Rationale for Swift's overload resolution?

Jens · March 11, 2018, 9:48am

I assume that there are previous discussions on this, but I couldn't find any, so pointers to such would be appreciated.

As an example, this program will compile and work as expected:

import Foundation

func log(base: Double, of value: Double) -> Double {
    return log(value) / log(base)
}

But the exact same function is not accepted by Swift if it's not declared in global scope, for example:

import Foundation

func enclosingFunc() {
    func log(base: Double, of value: Double) -> Double {
        return log(value) / log(base) // Error: Missing argument for parameter 'of' in call
    }
}

And another example:

import Foundation

struct EnclosingType {
    static func log(base: Double, of value: Double) -> Double {
        return log(value) / log(base) // Error: Use of 'log' nearly matches global function 'log' in module 'Darwin' rather than instance method 'log(base:of:)'
    }
}

Related bug reports:
SR-7143
SR-7018

SR-7018 was closed because this works as designed, and there is this explanation:

Overload resolution works on a set of functions in the same context, so in this case once the nested function is found the compiler stops looking for other overloads.

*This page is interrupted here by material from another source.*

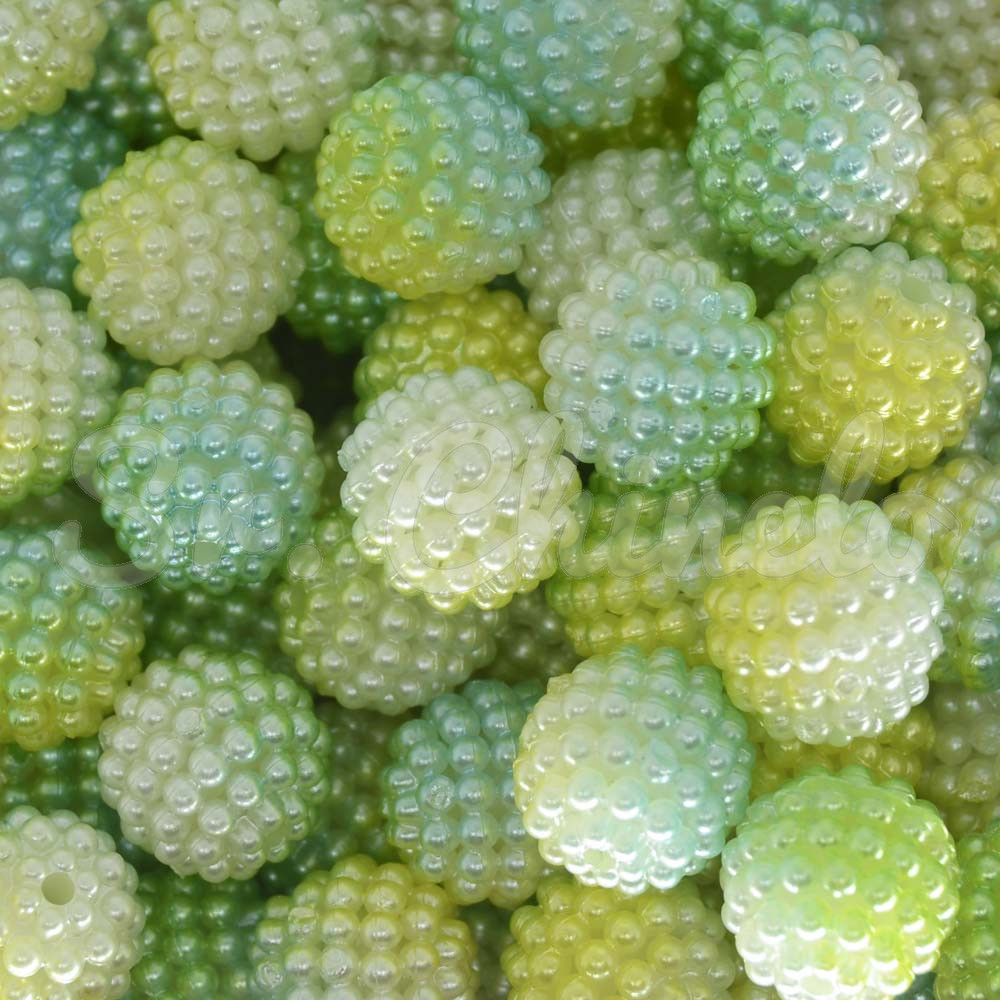 Pérola Craquelada Amora, 12mm, Mesclado Verde/Amarelo/Branco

Given this explanation, I can understand the current behavior, but I still think it's very counterintuitive, and I'm not sure I understand why it has to be like this.

Nevin · March 11, 2018, 4:02pm

This looks a lot like SR-2450.

@Slava_Pestov mentioned that we might be able to solve most of the common occurrences with a fairly simple change:

To me that sounds like the right thing to do in light of SE-0111, which made argument labels part of the function’s name.

Jens · March 11, 2018, 5:28pm

Thanks! That thread answers my question.

Slava_Pestov · March 13, 2018, 6:21am

We were discussing this today again, because it also comes up with self.min() vs Swift.min() on various types. Unfortunately the name lookup change I described on Twitter is not quite sufficient, because of default arguments. Something similar could still work, but would require more design.

Nevin · March 13, 2018, 6:25am

How about a “two-phase” approach?

First try the current way (preferably augmented by including argument labels), and if it resolves to a function then we’re done.

If not, then expand the search to include global functions and try again.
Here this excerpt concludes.